But there are three questions that deserve special attention, as the answers to them can change all of our isolation, treatment, and nursing actions. First, what does the initial infection “curve” teach us? Can we quantify the increased risk of infection due to people receiving high doses of the virus? Second, is there a relationship between the initial dose of the virus and the severity of the disease? And thirdly, are there quantitative indicators of how the virus behaves in the body of an infected person? When does viral load peak? How does it grow and decrease? This would help to predict the severity of the disease and the degree of infectiousness of the disease to others.

We are now in the early stages of a pandemic and we are measuring the spread of the virus among humans. But as the rate of the pandemic increases, we will also have to study the virus inside the human body.

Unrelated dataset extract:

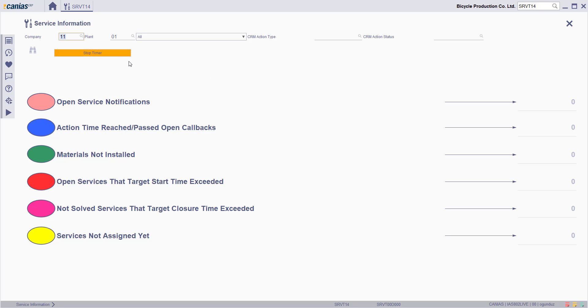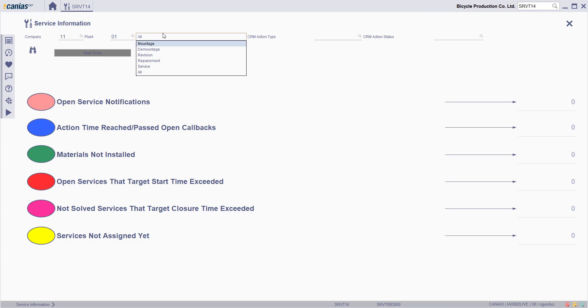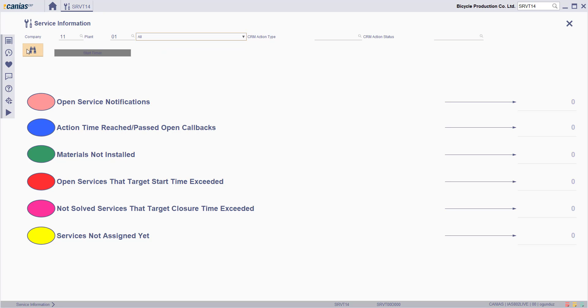In this transaction, enter the relevant search criteria such as company, plant, and others, and then click the search button.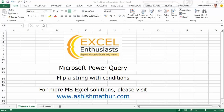Hi, I'm Ashish Mathur. Welcome to a short video on the practical usage of Microsoft Power Query. In this video, I'd like to show you how you can flip a string with conditions. For other MS Excel solutions, you may visit my website ashishmathur.com.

Since data are scarce, most epidemiologists are forced to simulate the spread of the new coronavirus as if it were a two-component phenomenon: a person is either at risk of infection or not, he is either infected or not, we have symptomatic patients or carriers without symptoms. The Washington Post recently published a striking online simulation of people in a city as dots moving freely in space. The uninfected were depicted in gray, the infected in red (then it changed to pink when they gained immunity). Whenever the red dot touched the gray dot, infection was transmitted. Without interference, the entire field of dots gradually turned from gray to red. Social distancing and isolation kept the dots from touching and slowed down the reddening of the screen.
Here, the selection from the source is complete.